It’s the latest computer security problem to attract the attention of Congress: spyware, or software designed to collect computer users’ personal data without their knowledge. Little known a few years ago, spyware is now so common that many educators and other internet users consider it the biggest problem since spam–and now Congress also is investigating.
Secretly piggybacking on downloaded internet software, spyware transmits information about computer usage and generates pop-up advertisements and other annoyances. It often is difficult to uninstall.
Microsoft estimates spyware is responsible for half of all PC crashes and warns that it has become a multimillion-dollar support issue for computer makers, internet service providers, and technicians.

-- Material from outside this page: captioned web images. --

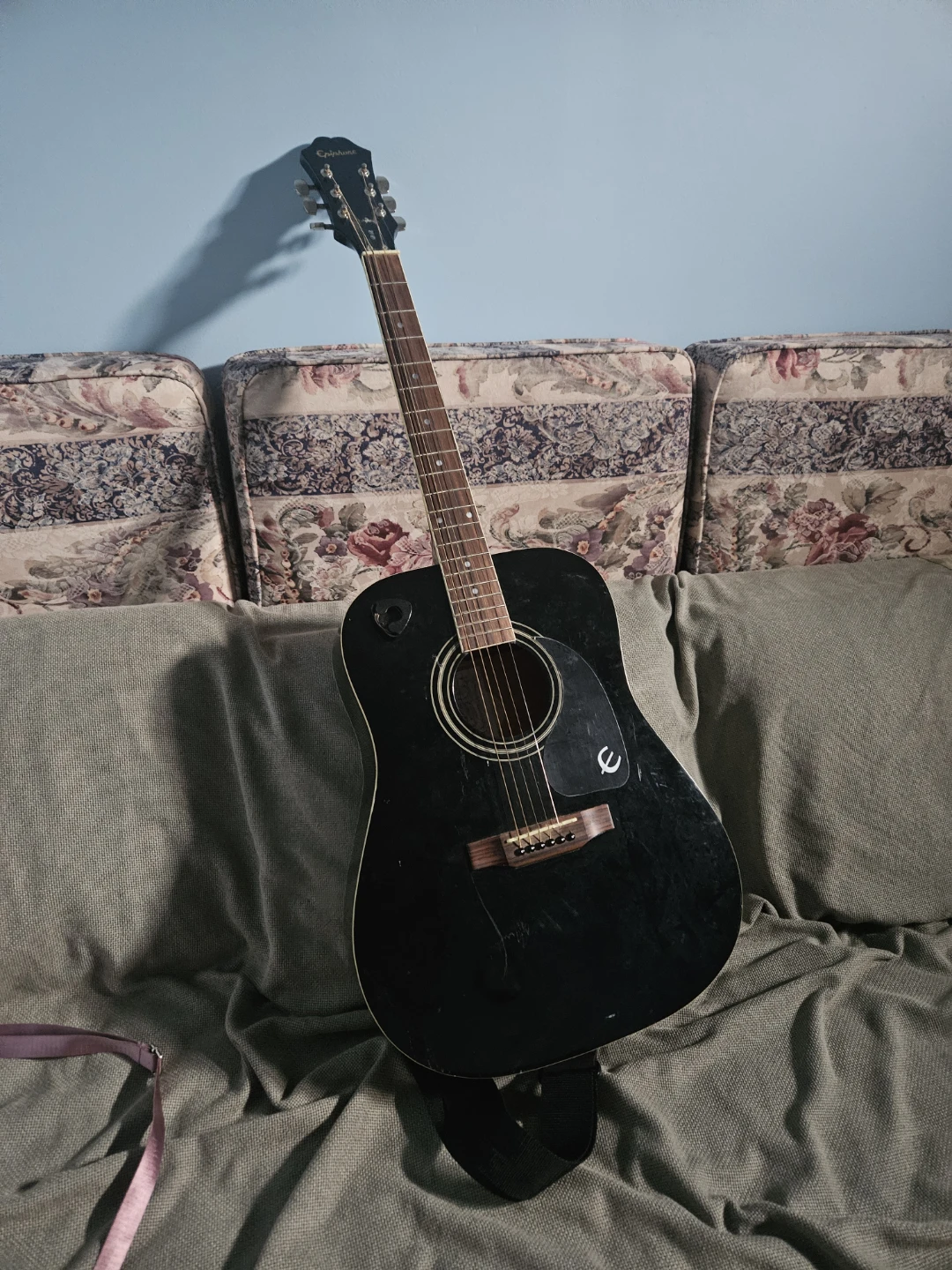 Epiphone Acoustic Guitar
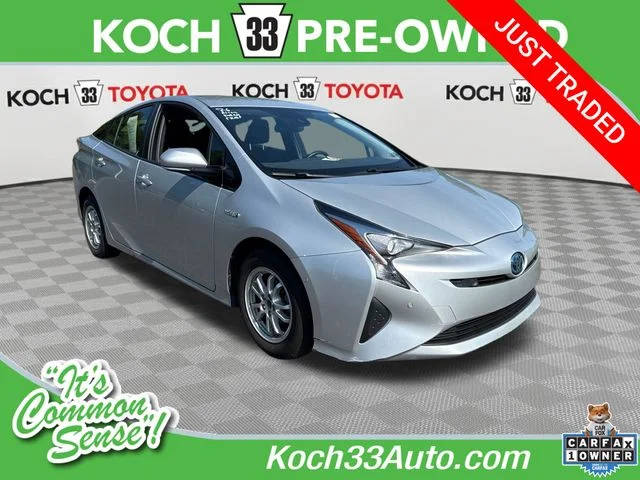 2017 Toyota Prius Three FWD photo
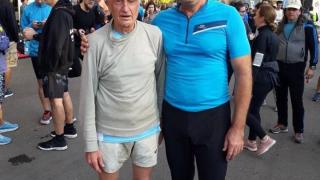 В спортен екип президентът Радев се включи в необикновено бягане днес СНИМКИ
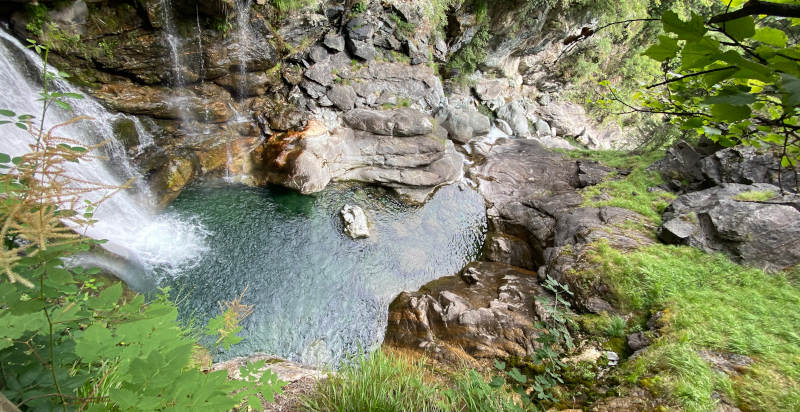 Esplorazione delle gole e delle cascate della Valle d'Aosta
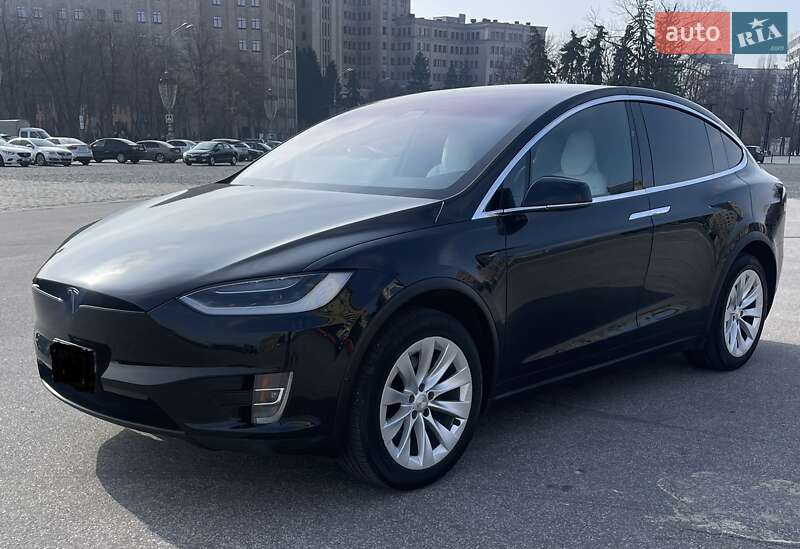Внедорожник / Кроссовер Tesla Model X 2017 в Харькове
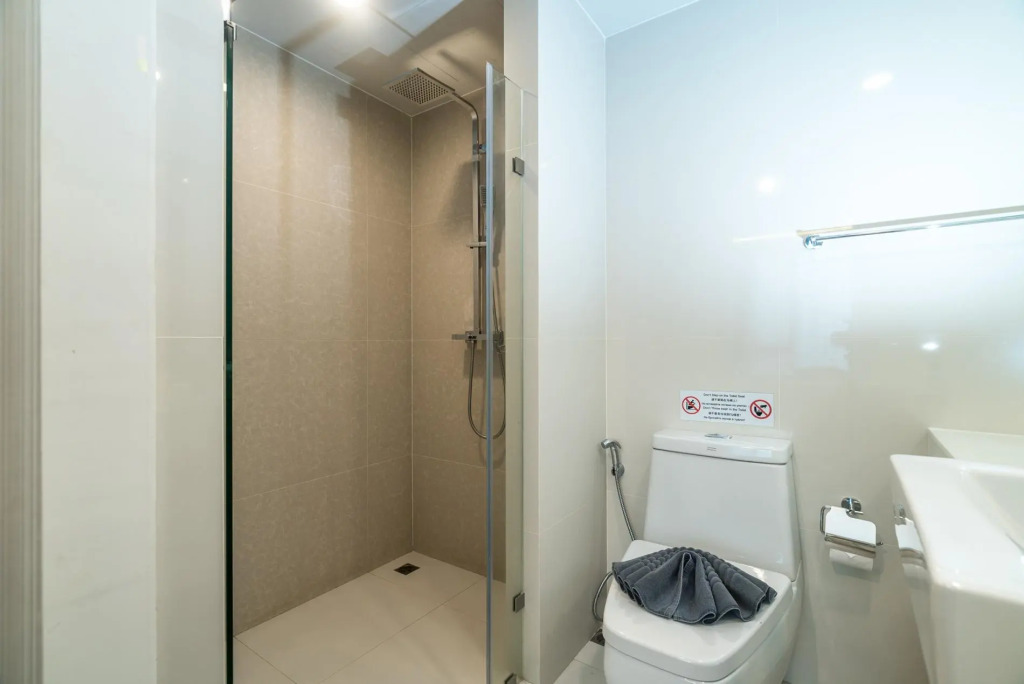 Pool access duplex in Surin condo for 4 people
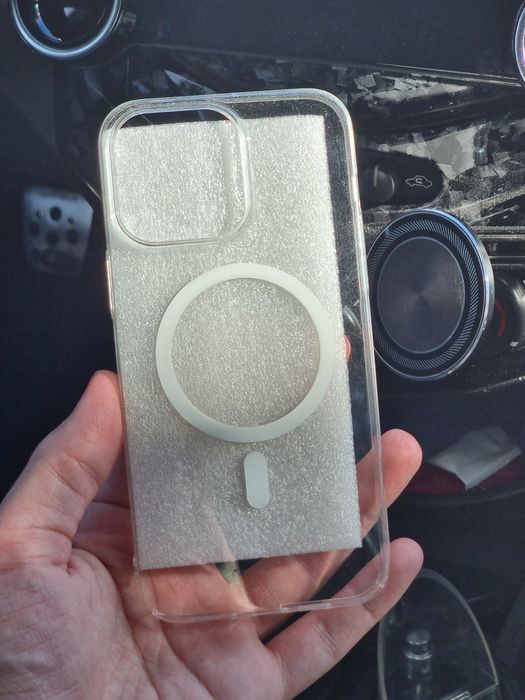 Iphone 14 pro max chexollar sotiladi чехлы на айфон 14 про макс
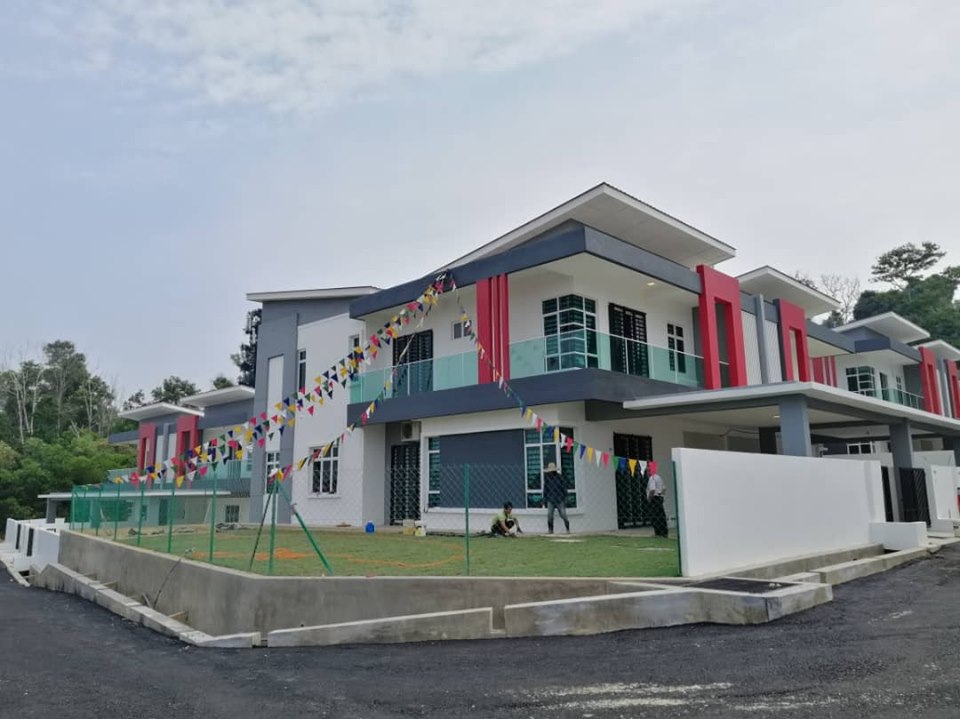 Double Storey Semi - D Bayroute Residences - (Lot 102962)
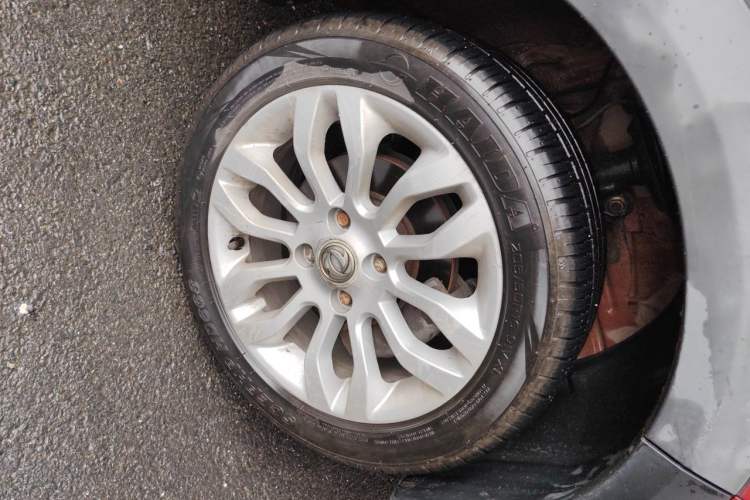 Used Dongfeng Aeolus AX3 2016 1.5L Automatic Shangkue Model Right Front Wheel Hub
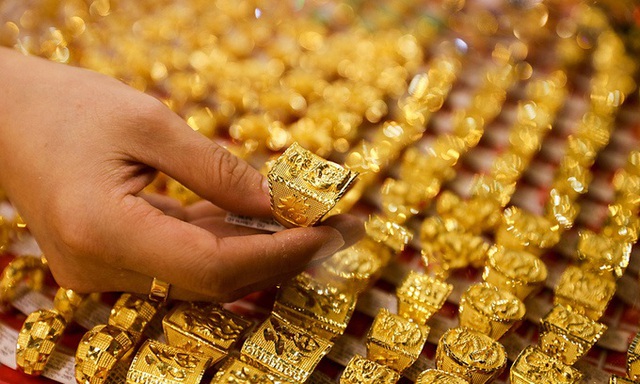 Giá vàng hôm nay tăng mạnh, chênh lệch mua - bán vàng trong nước bị đẩy lên mức kỷ lục - Ảnh 1.
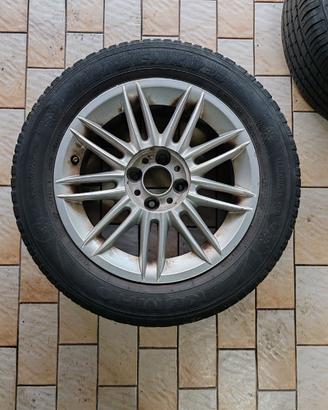 2 cerchi in lega completi di gomme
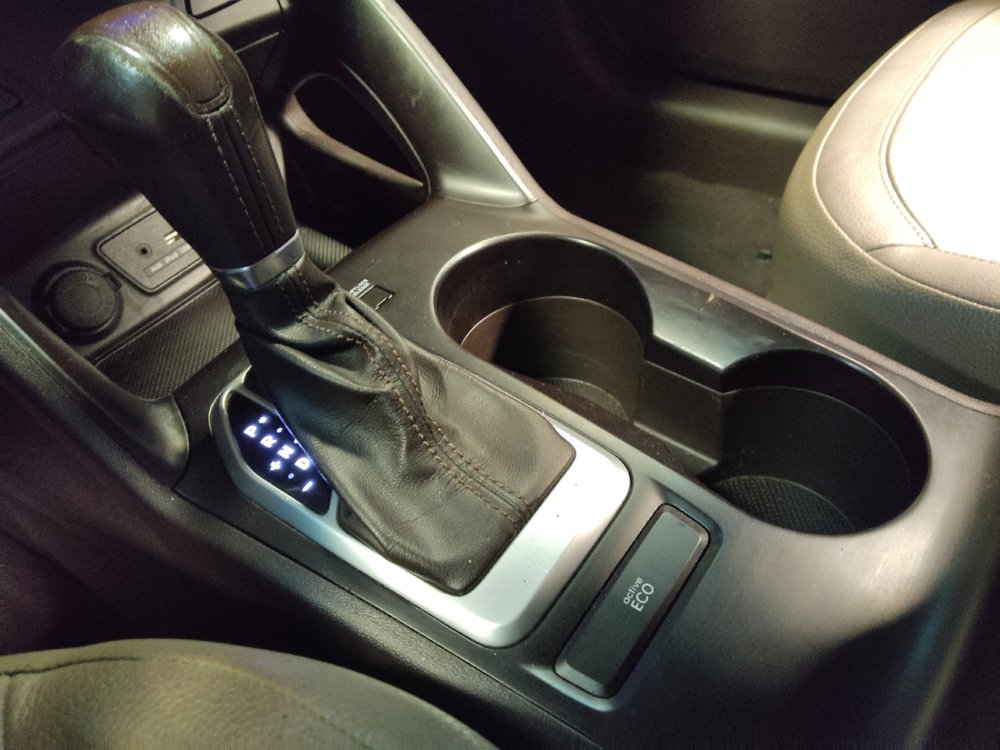 Used 2015 Hyundai Tucson Limited w/ Option Group 03 FWD image 26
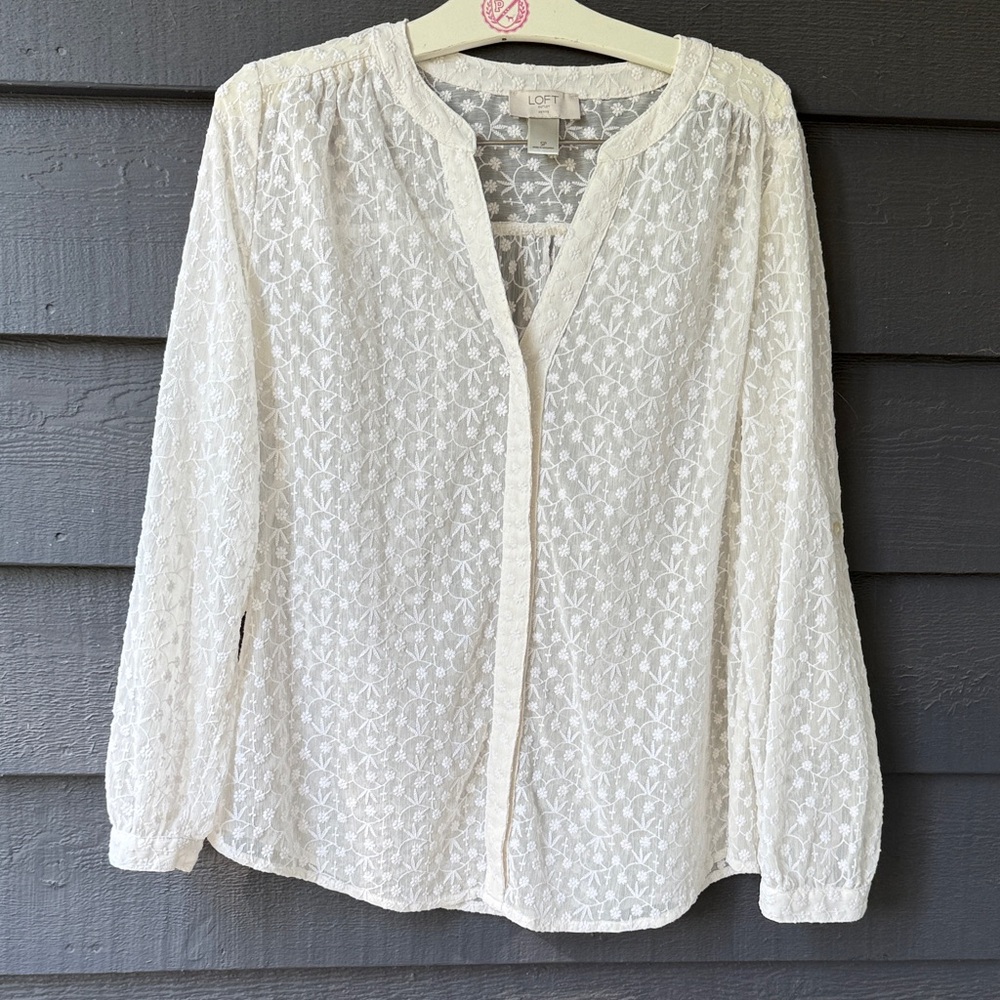 LOFT White Lace Blouse small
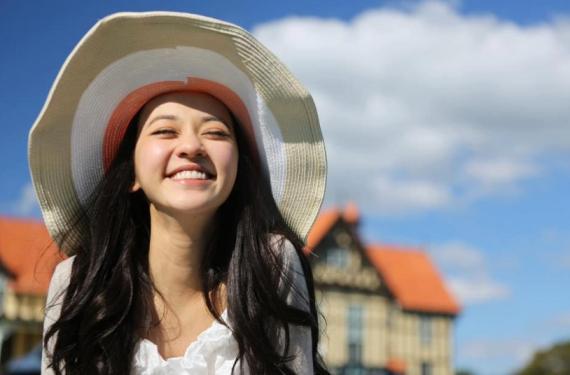 陈意涵否认怀孕，与许富翔同居，网友调侃前男友可以组篮球队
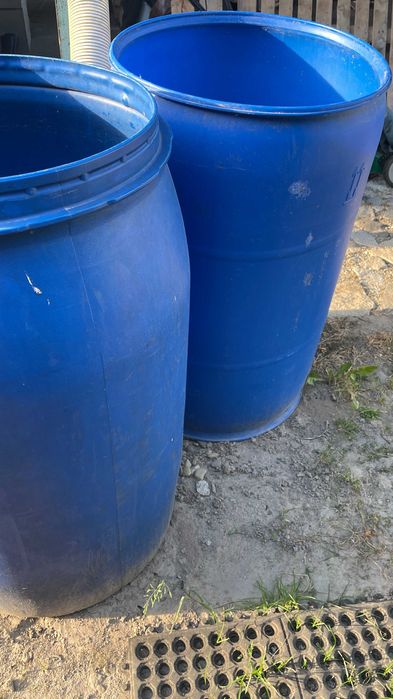 Beczka plastikowa 200l.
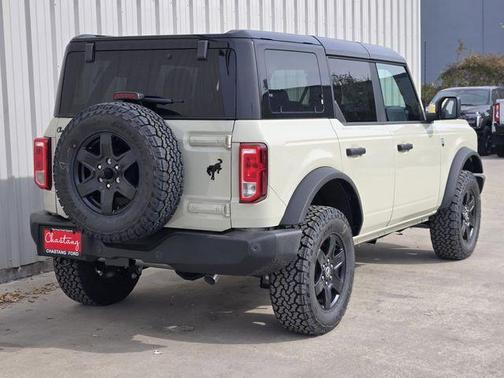 Desert Sand 2025 Ford Bronco Big Bend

In some cases, it makes a computer unusable.
A research lab in Washington state found one of its computers “hijacked” by pop-up ads, to the point where “we couldn’t do anything,” said Patrick Clapshaw, the lab’s director.
After a week of frustration and several visits by technicians, the problem was eventually solved, but not before causing at least $500 worth of lost data and downtime.
Clapshaw, of Kirkland, Wash., calls spyware worse than spam.
“To me, this is an aggressive computer takeover,” he said. “It’s the difference between someone dropping fliers on your front porch, or walking around your house following you and annoying you.”
Educators, too, report that spyware is a growing problem in their schools. Though commercial software is available that can find and destroy spyware at the desktop level, school leaders contacted by eSchool News say the solutions they’ve tried so far are inadequate.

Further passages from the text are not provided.